* What you are asked to do
Pictures aside, reproduce exactly and only the lines from the one containing "Trump Shooting T-Shirt, Donald" through the end of the records.
Start of Block
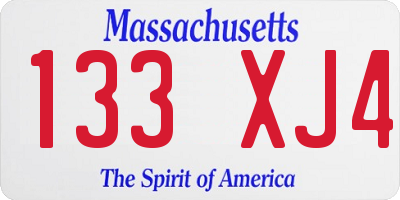 MA license plate 133XJ4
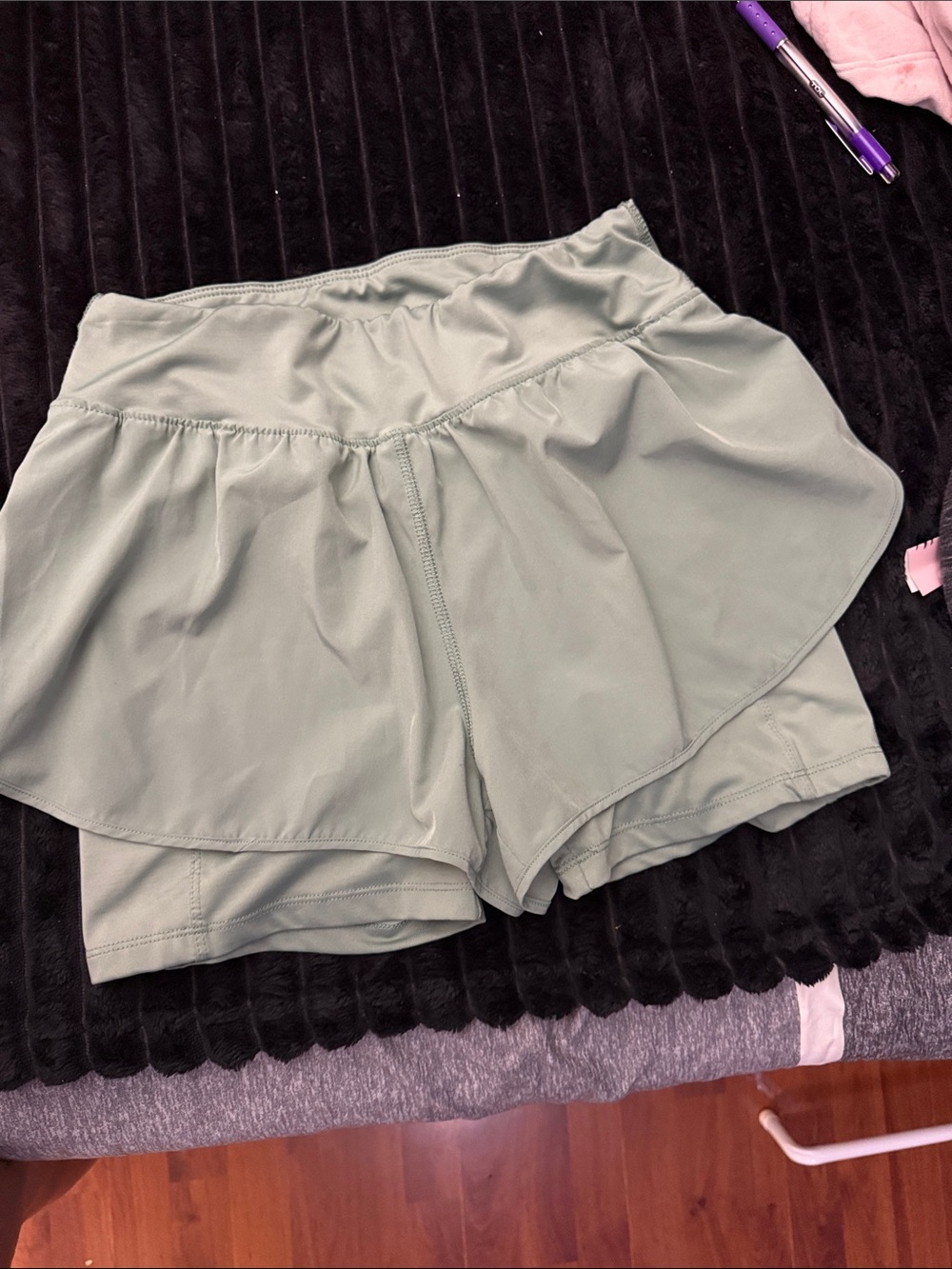 90 Degree By Reflex Sage Green Layered Skort Shorts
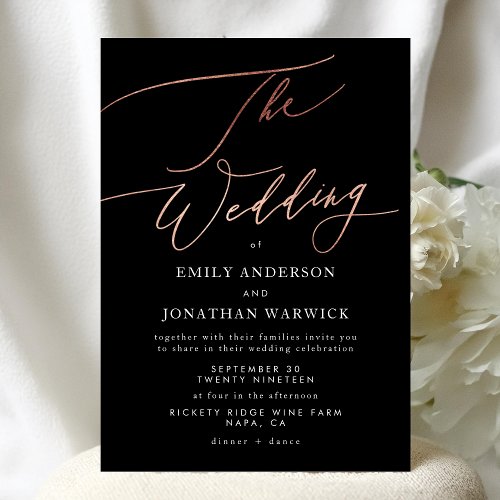 Modern Black Rose Gold Calligraphy Wedding Invitation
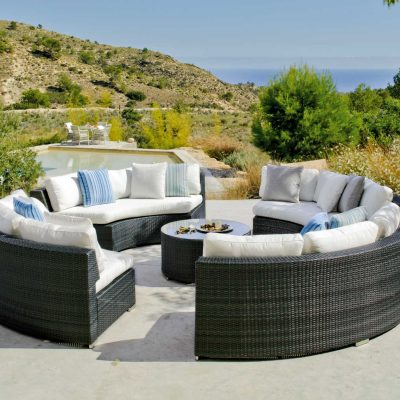 Tapicería, sofá circular y mesa de centro, con médula sintética, de terraza y jardín (367 - TJ106)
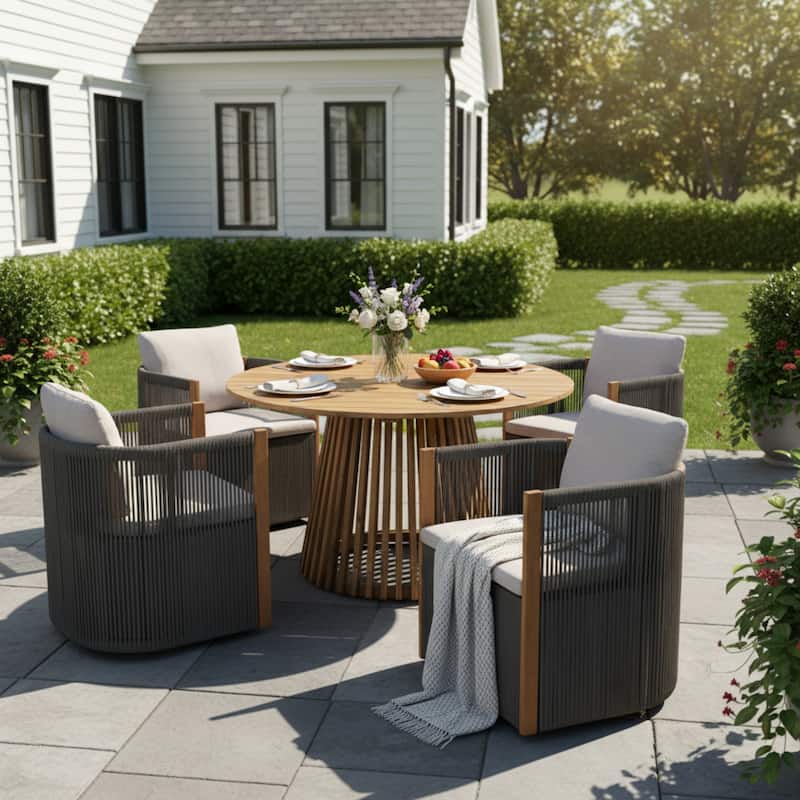 Christopher Knight Home - Roslyn 5-Piece Outdoor Acacia Wood Swivel Dining Set with Rope Woven Wicker Chairs & Round Slat Table - Light Teak+Grey+Beige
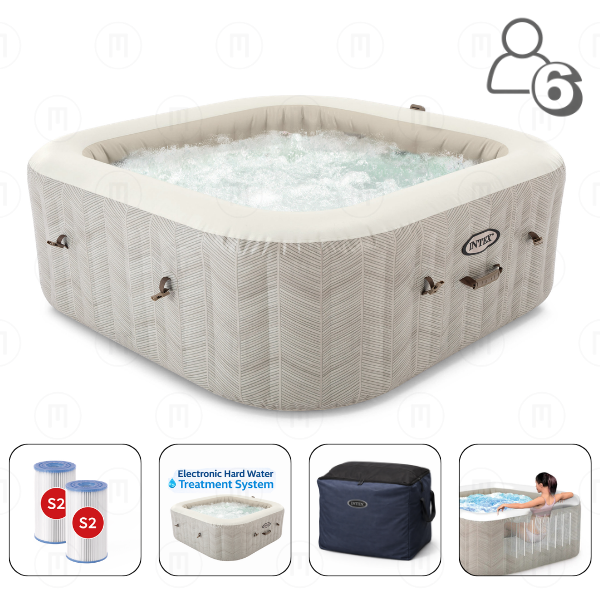 INTEX Надувной СПА джакузи “Chevron Deluxe Square Bubble” 193х71см, 1098Л, 6-и местный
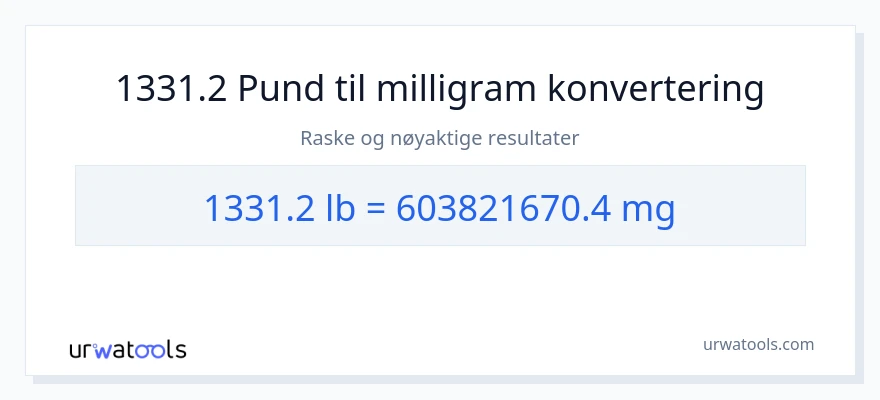 1331.2 Pund til milligram konvertering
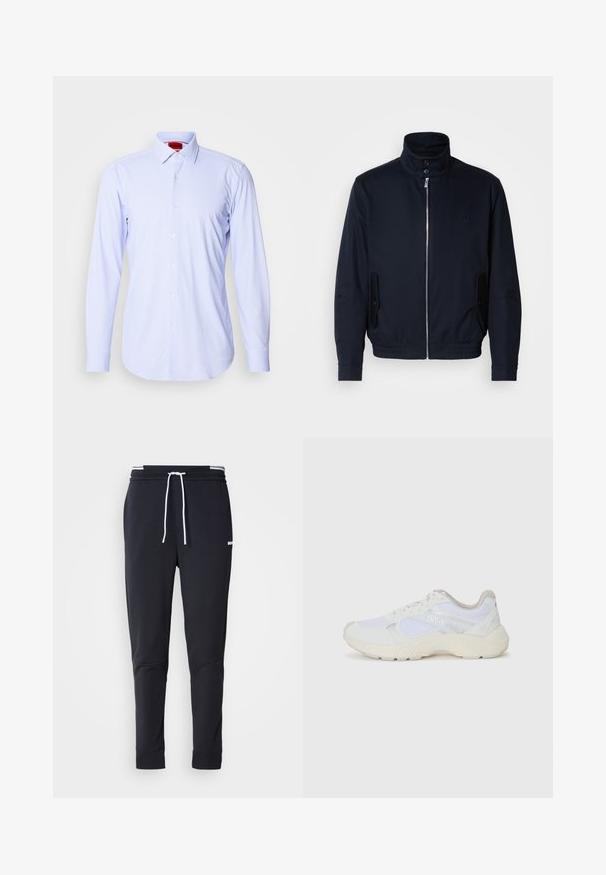 Casaco azul marinho com colarinho alto, fecho éclair frontal, bolsos laterais e punhos canelados. Textura suave com um detalhe logo discreto no peito.; Camisa abotoada de padrão azul claro, com mangas longas e colarinho clássico. Apresenta pequenos quadrados e botões brancos. Textura do tecido suave.; Calças de jogger ajustadas pretas com cordão branco, cintura elástica com riscas brancas e pequeno logo branco na parte superior da coxa.; Ténis brancos desportivos feitos de malha e camurça, com uma entressola texturizada, elementos texturizados e o logótipo "HUGO" na lateral.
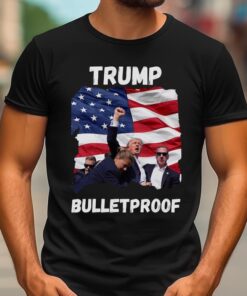 Trump Shooting T-Shirt, Donald Trump Bulletproof Tee, Fight Trump Shirt, Never Surrender Tee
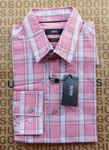 New Hugo BOSS mens pink check regular long sleeve casual smart suit shirt MEDIUM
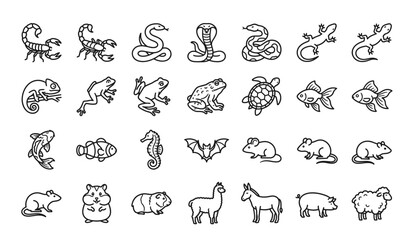 Naklejka premium Animal logo element vector, line art animal illustration set. Hand drawn reptile, amphibian, fish, rodent, and farm animal icon collection set.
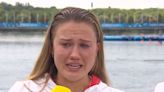 Team GB champion breaks down in tears live on BBC over note father gave her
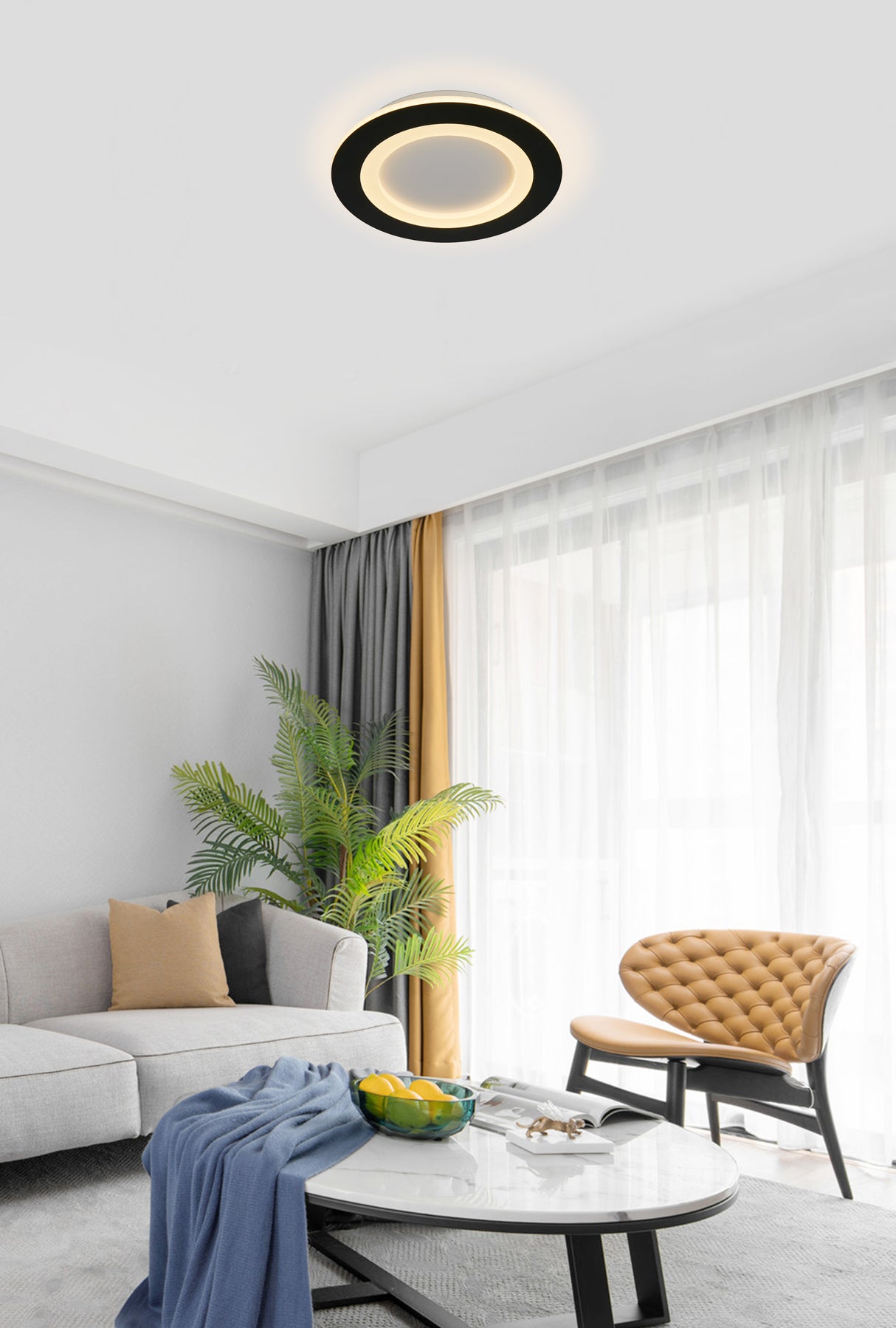 Searchlight Electric Ringo LED Round Flush. Matt Black 44713BK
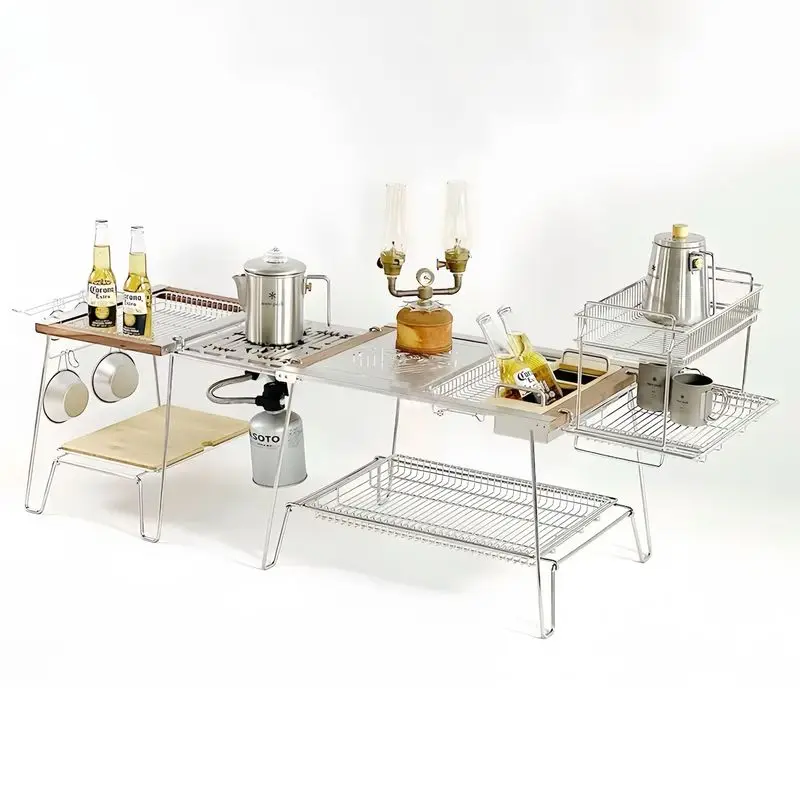 ステンレス製収納ボックス,浅いバスケット,ハンガーフック,屋外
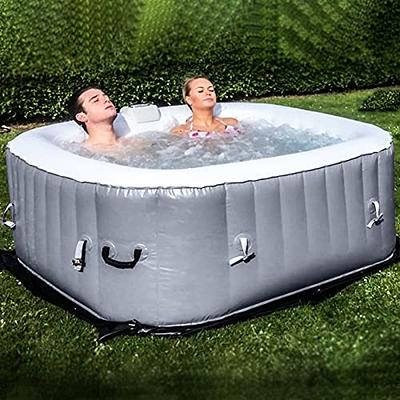 #WEJOY AquaSpa Portable Hot Tub 61X61X26 Inch Air Jet Spa 2-3 Person  Inflatable Square Outdoor Heated Hot Tub Spa with 120 Bubble Jets,  Black/White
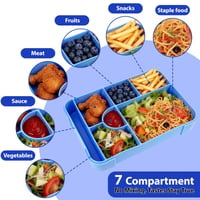 Lompyeu 1330 ml Cutie pentru prânz pentru copii cu compartimente, Bento Box fără BPA (lingură și furculiță), cutie pentru prânz școlar încălzibilă la microunde, albastru 7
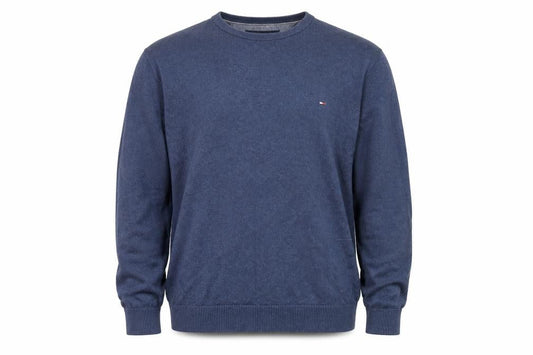 Tommy Hilfiger Men's Blue Cotton Cashmere Jumper XL Crew Neck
End of Block
* Problem solution
 Trump Shooting T-Shirt, Donald Trump Bulletproof Tee, Fight Trump Shirt, Never Surrender Tee
 New Hugo BOSS mens pink check regular long sleeve casual smart suit shirt MEDIUM
 Naklejka premium Animal logo element vector, line art animal illustration set. Hand drawn reptile, amphibian, fish, rodent, and farm animal icon collection set.
 Team GB champion breaks down in tears live on BBC over note father gave her
 Searchlight Electric Ringo LED Round Flush. Matt Black 44713BK
 ステンレス製収納ボックス,浅いバスケット,ハンガーフック,屋外
 #WEJOY AquaSpa Portable Hot Tub 61X61X26 Inch Air Jet Spa 2-3 Person  Inflatable Square Outdoor Heated Hot Tub Spa with 120 Bubble Jets,  Black/White
 Lompyeu 1330 ml Cutie pentru prânz pentru copii cu compartimente, Bento Box fără BPA (lingură și furculiță), cutie pentru prânz școlar încălzibilă la microunde, albastru 7
 Tommy Hilfiger Men's Blue Cotton Cashmere Jumper XL Crew Neck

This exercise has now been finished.